(Jim Clark) – Winston Churchill once said: “Democracy is the worst form of government . . . except all others.” He might have omitted the last three words had he observed the Washoe County Commission and Reno City Council in action as they continue their pitiful struggle to provide Truckee Meadows with fire protection services.
To recap, the county earlier contracted with Reno to provide countywide fire protection (excluding Incline/Crystal Bay because we have our own fire district). That contract expired the first of this month because it turned out to be a lousy deal for taxpayers. The primary reason was that the city firefighters union refused to go on calls with less than 4 firefighters per truck. At an annual cost of about $125,000 per firefighter that came to a tidy sum considering the number of fire engines involved and the fact that Incline/Crystal Bay and Sparks fire engines have 3 person crews.
The current struggle between the county and Reno is the issue of “automatic aid”, an arrangement whereby the closest fire engine responds to an emergency regardless of which jurisdiction it belongs to. For several months commissioners and city councilpersons have been wrangling over this because of the potential costs and unresolved reimbursement arrangements to the responding jurisdiction.
This month three commissioners, Weber, Breternitz and Humke, frustrated by intransigence of the Reno Council, voted to place the issue as an advisory question for voters this fall. Commissioners Jung and Larkin dissented. Sparks residents will be excluded from the ballot, but apparently we in Incline/Crystal Bay will vote on this issue, even though it doesn’t affect us at all.
Response was swift. UNR Political Science Professor Eric Herzic said: “It’s a pretty meaningless initiative; the public will say the closest fire truck should come . . . but it doesn’t get into any details about cost, reimbursement . . . or staffing.” TMCC Political Science Professor Fred Lokken said: “This is nuts. This smacks of more politics . . . when we’re dealing with an essential service.”
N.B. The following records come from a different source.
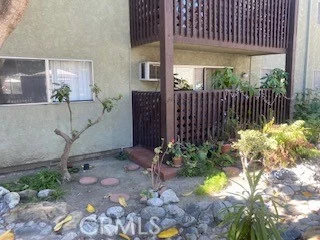 5840 Benner #103 photo 2
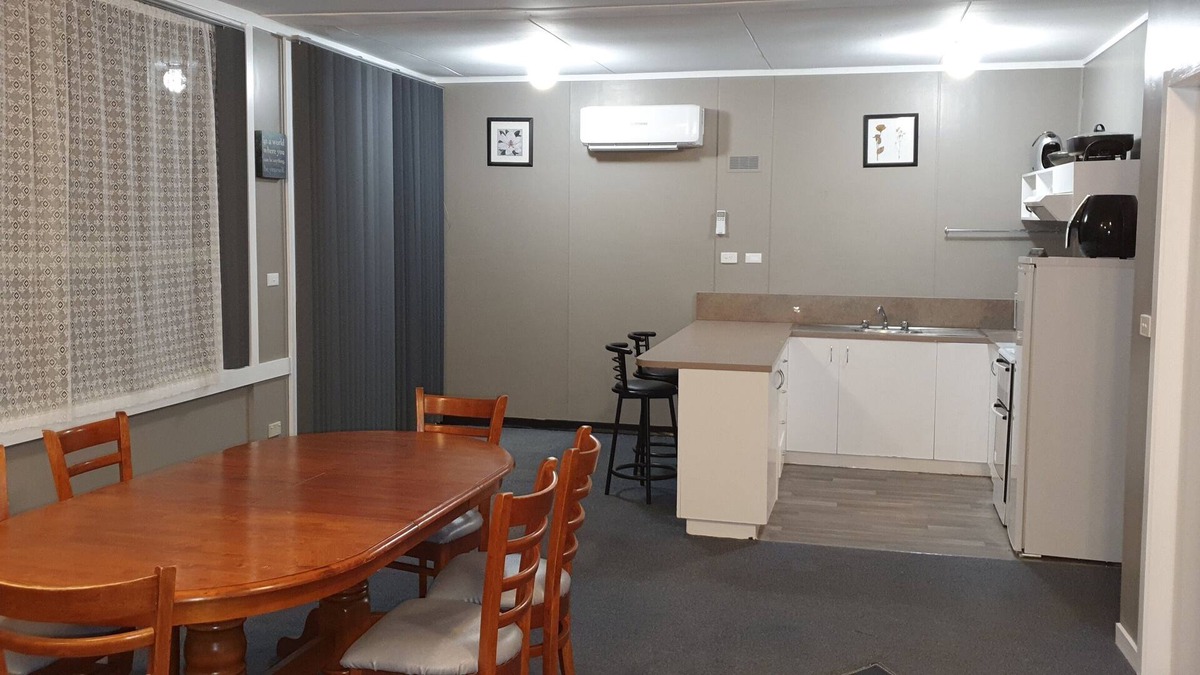 Claude Road Cottage | Wombat 3 Bedroom Cottage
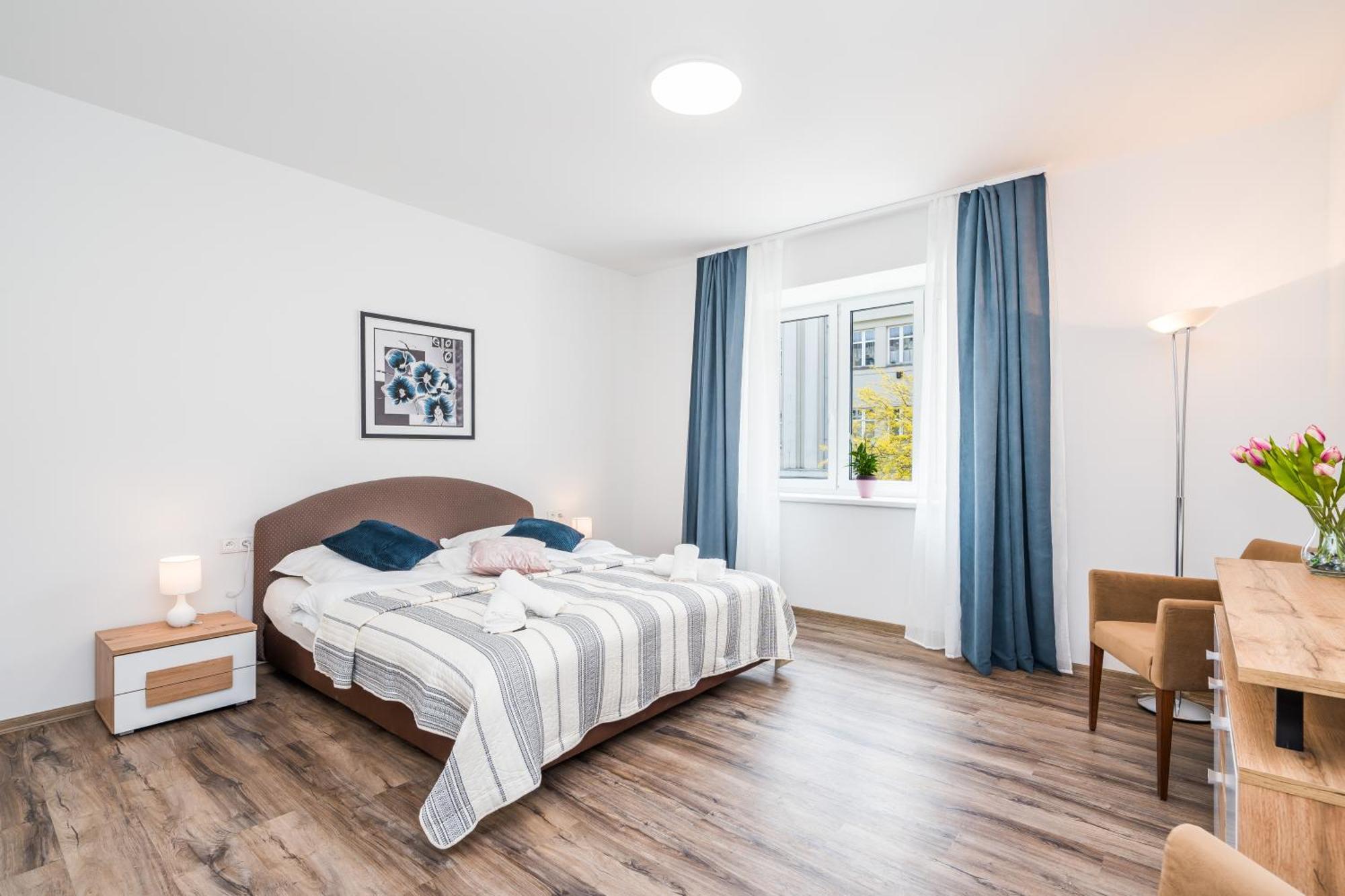 Perla Hradce 103 Apartment ฮราเดตสคราโลเว ภายนอก รูปภาพ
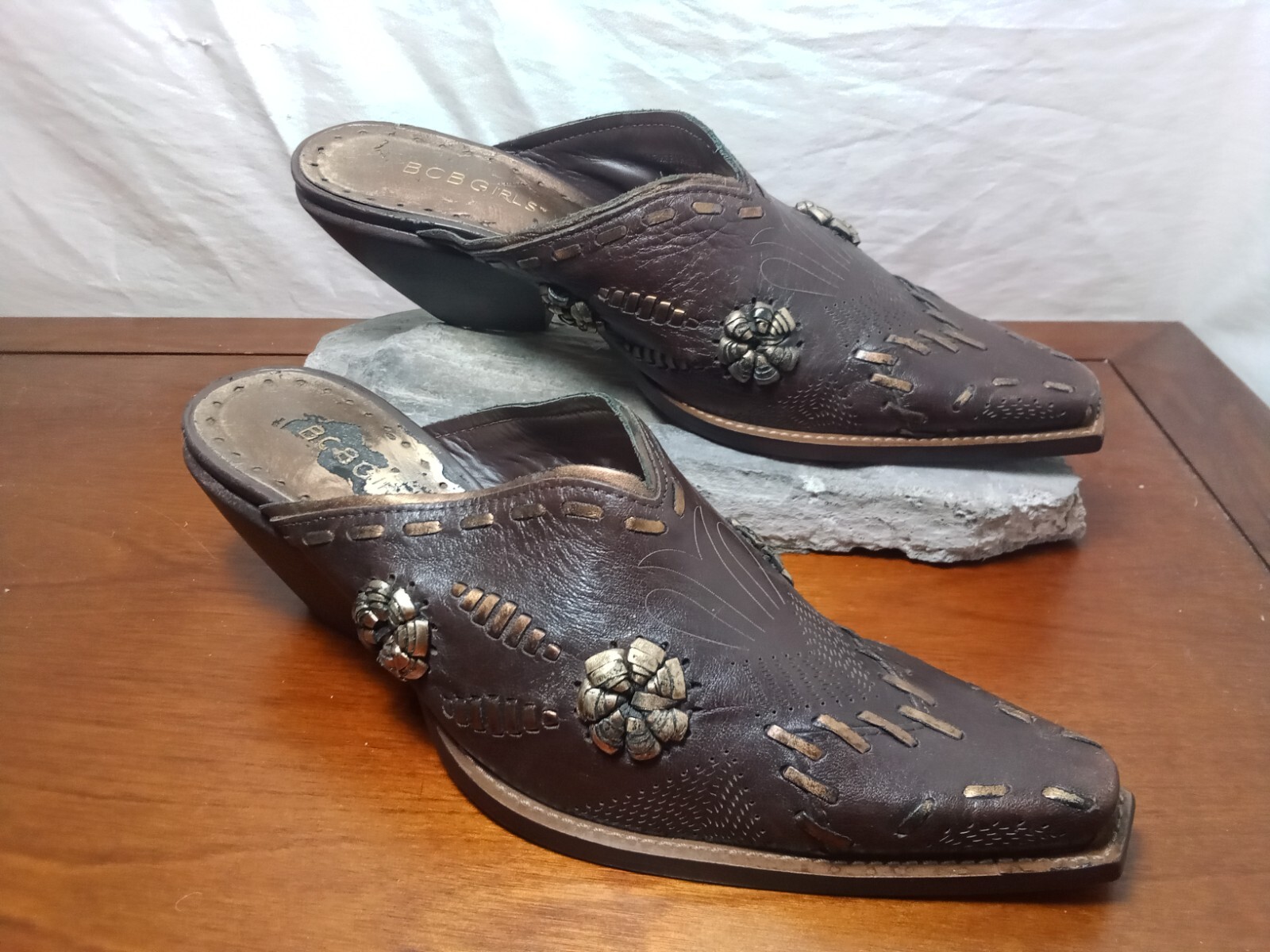 BCBG Women’s Sz. 6 B / 2.25 in Block Mule Witch Clogs thick soft leather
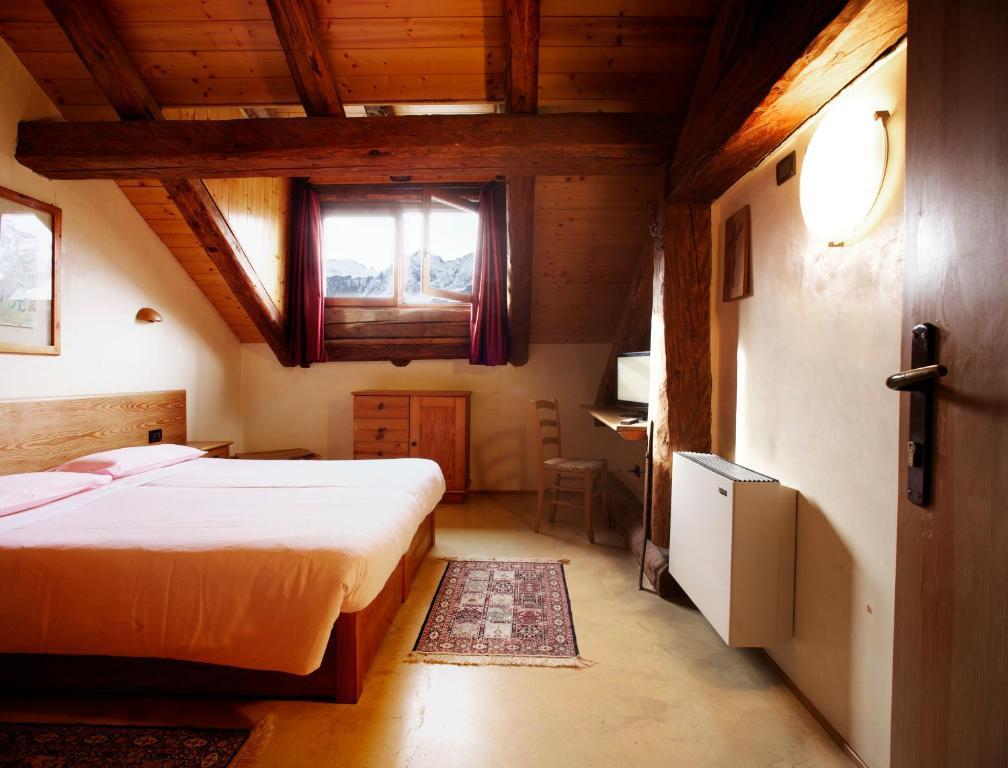Hotel Dimora Storica La Mirandola Tonalepass Zimmer foto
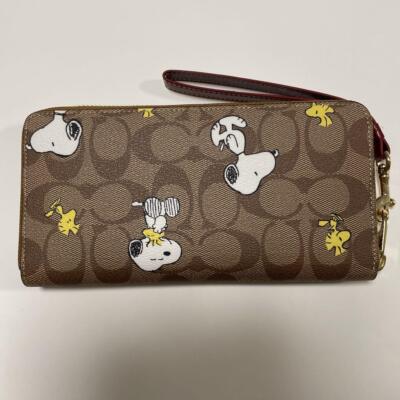 スヌーピー コラボ【COACH X Peanuts】Long Zip Around Wallet COACH x PEANUTS Long Zip around Wallet Snoopy Woodstock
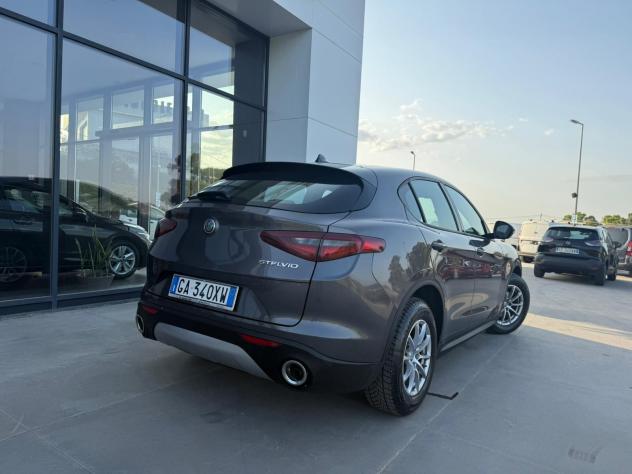 Alfa Romeo Stelvio 2.2 Turbodiesel 190 CV AT8 RWD Business - Foto 6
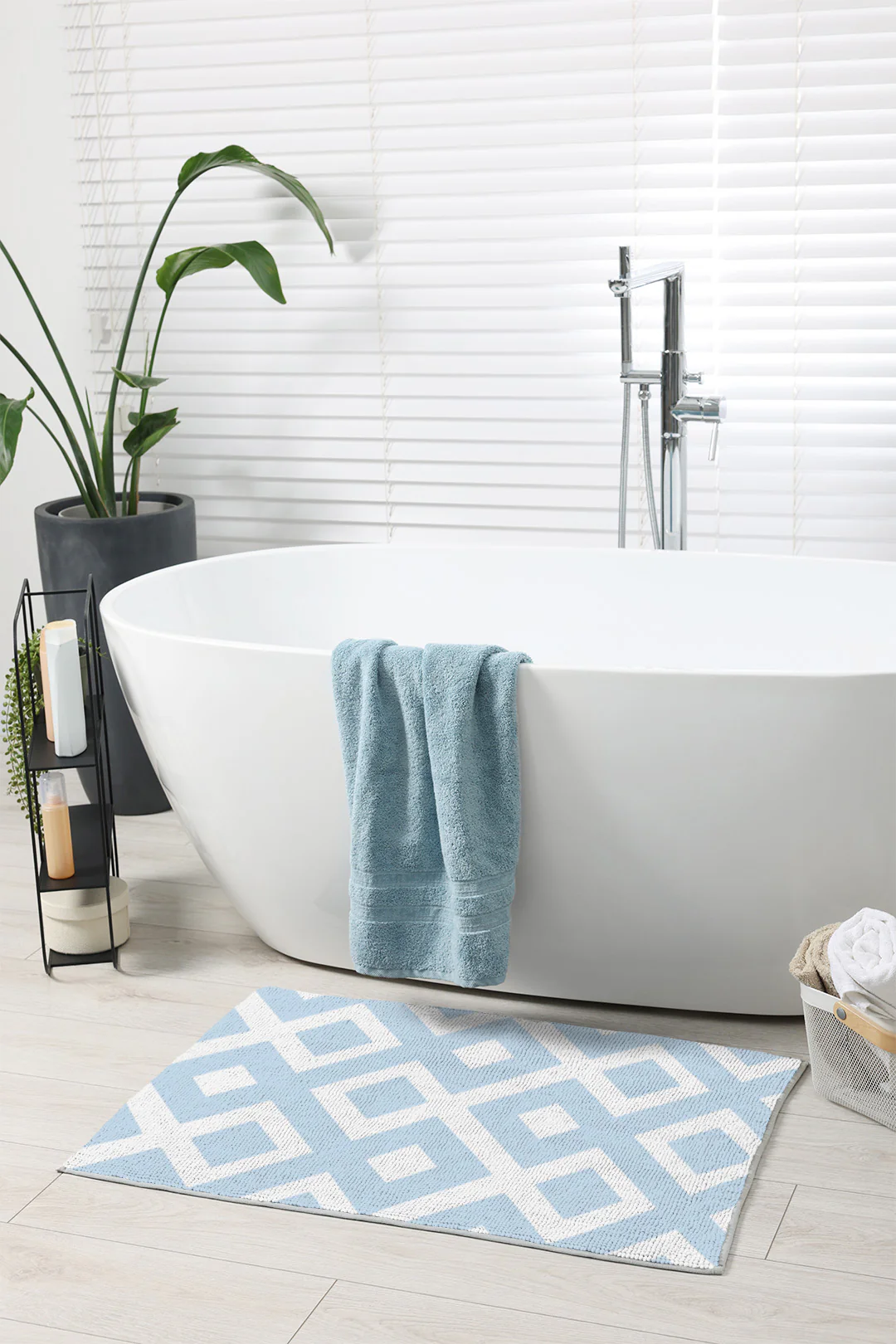 Scandi Aqua Bath Mat - Image 3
And in a searing editorial captioned “Pointless ballot question will be counterproductive,” the Reno Gazette Journal recalled that 10 years ago the public was asked whether to lower the train tracks running through Reno. Although the public voted resoundingly “no,” officials borrowed up to the gizzard to lower the tracks anyway. The editorial asks: “who wouldn’t vote for top notch fire services when there is no discussion of costs?”
So the measure just kicks the can down the road to November, after which commissioners and councilpersons will still have to deal with the issue . . . a meaningless delay occurring during the most dangerous fire season in recent memory.
But wait, there’s more. Right after the meeting Commissioner Humke – the swing vote – announced that he wanted to bring a motion for reconsideration of the issue. So the whole thing goes away, right? No. The meeting had adjourned, so action will have to wait for the next meeting.
But don’t bother, Assistant District Attorney Paul Lipparelli told commissioners. The statutory deadline for ballot measures has passed and it can’t be undone.
Then last Thursday, the City Council reacted with a proposed ballot question of their own that would ask Reno voters whether they want to subsidize fire protection in unincorporated Washoe County.
Come on, guys and gals, quit squabbling! Winston Churchill must be longing for the good old days of Henry VIII.